Brown announced Saturday that California’s budget shortfall grew from $9.2 billion because of lower tax revenue due to the still dismal national and state economies.
California’s problems were also exacerbated by lawsuits and federal regulations that ceased billions of dollars in state budget cuts.
“This means we will have to go farther and make cuts far greater than I asked for at the beginning of the year,” Brown said in an online video. “But we can’t fill this hole with cuts alone without doing severe damage to our schools. That’s why I’m bypassing the gridlock and asking you, the people of California, to approve a plan that avoids cuts to schools and public safety.”
People have been fleeing California for the last decade due to an unfriendly business environment and high taxes. While Brown did not release the specifics of the latest deficit plan, a revised budget is expected to be recommended on Monday. Brown’s new budget won’t stop the bleeding in California unless the legislature changes its free-spending ways and enacts lawsuit reform to stop the type of petty special-interest suits that has plagued the state. Federal regulations involving public services must be relaxed until California gets a handle on its deficit. As things stand California will be unable to meet commitments on its generous state retirement programs within the next few years and further tax increases will only continue to shrink tax revenues, speeding California’s slide into bankruptcy.

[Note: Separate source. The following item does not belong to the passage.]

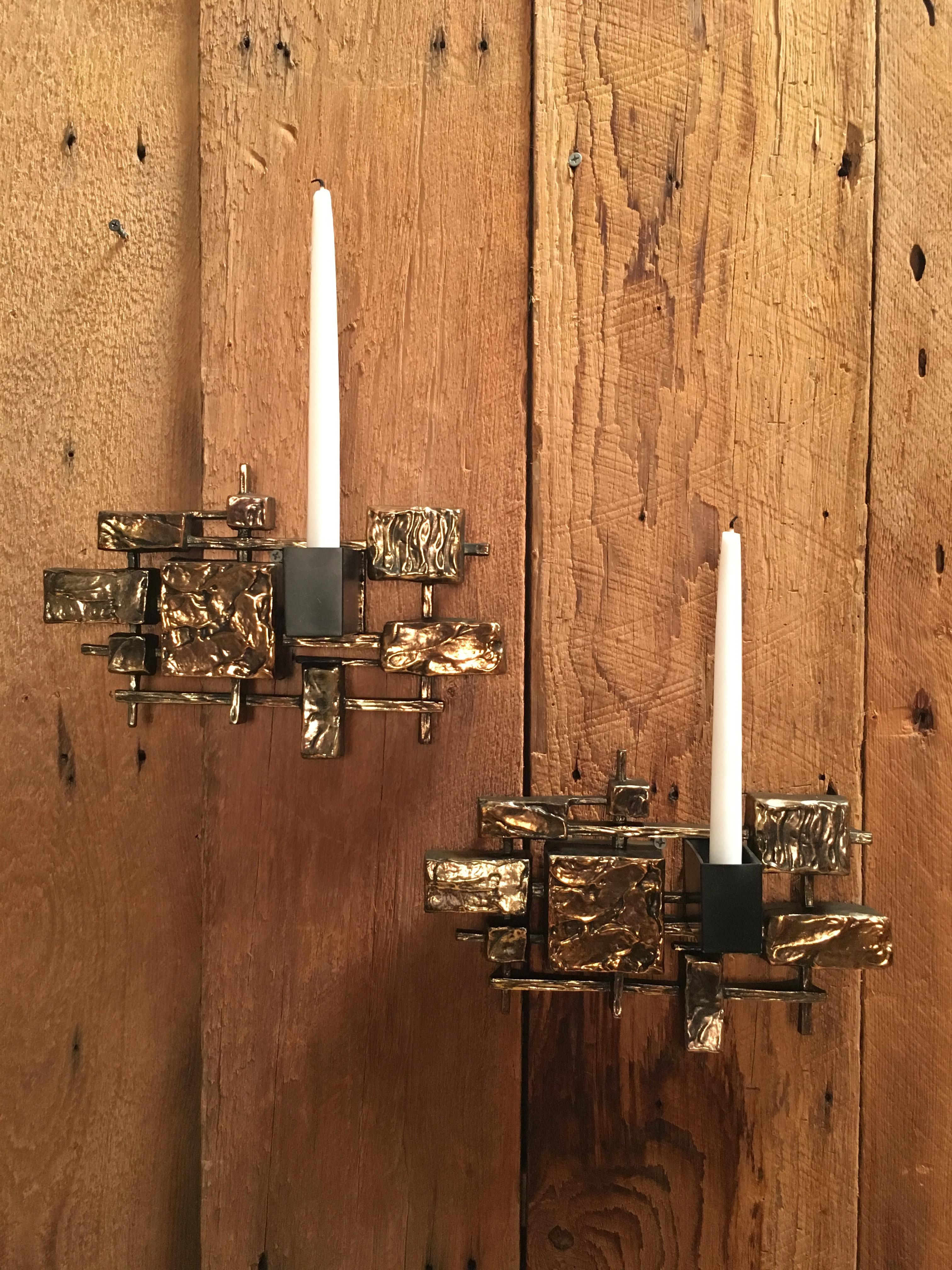 Pair of Brutalist Candle Sconces by Syroco 4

Brown said the tax increases up for vote in November are necessary to help lift the state out of a crippling decade shaped by the collapse of the housing market and recession. Without them, he warned, public schools and colleges, and public safety, will suffer deeper cuts.

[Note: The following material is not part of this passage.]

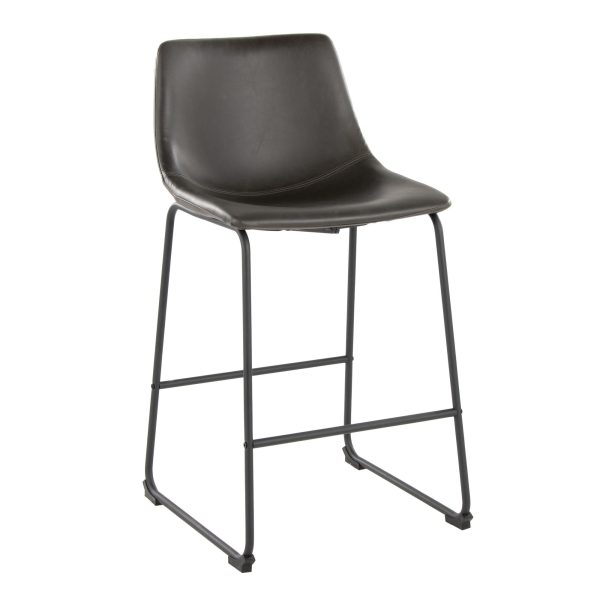 Duke 26 Inch Black Metal Grey Faux Leather Counter Stool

At no time did Brown mention California state employee’s multi-million dollar pensions or the legislature’s out-of-control spending.
“What I’m proposing is not a panacea, but it goes a long way toward cleaning up the state’s budget mess,” Brown said.
While his predecessor Arnold Schwarzenegger had very little support in the Democratically controlled California State House, Brown isn’t faring better. The Democrats, who control the Legislature, have resisted Brown’s proposed cuts so far this year.
“Today’s news underscores how we must rein in spending and let our economy grow by leaving overburdened taxpayers alone,” said California Assembly Republican Leader Connie Conway in a statement.
Brown chose to go for a tax-based ballot initiative because Republican lawmakers would not provide the votes needed to reach the two-thirds legislative majority required to raise taxes.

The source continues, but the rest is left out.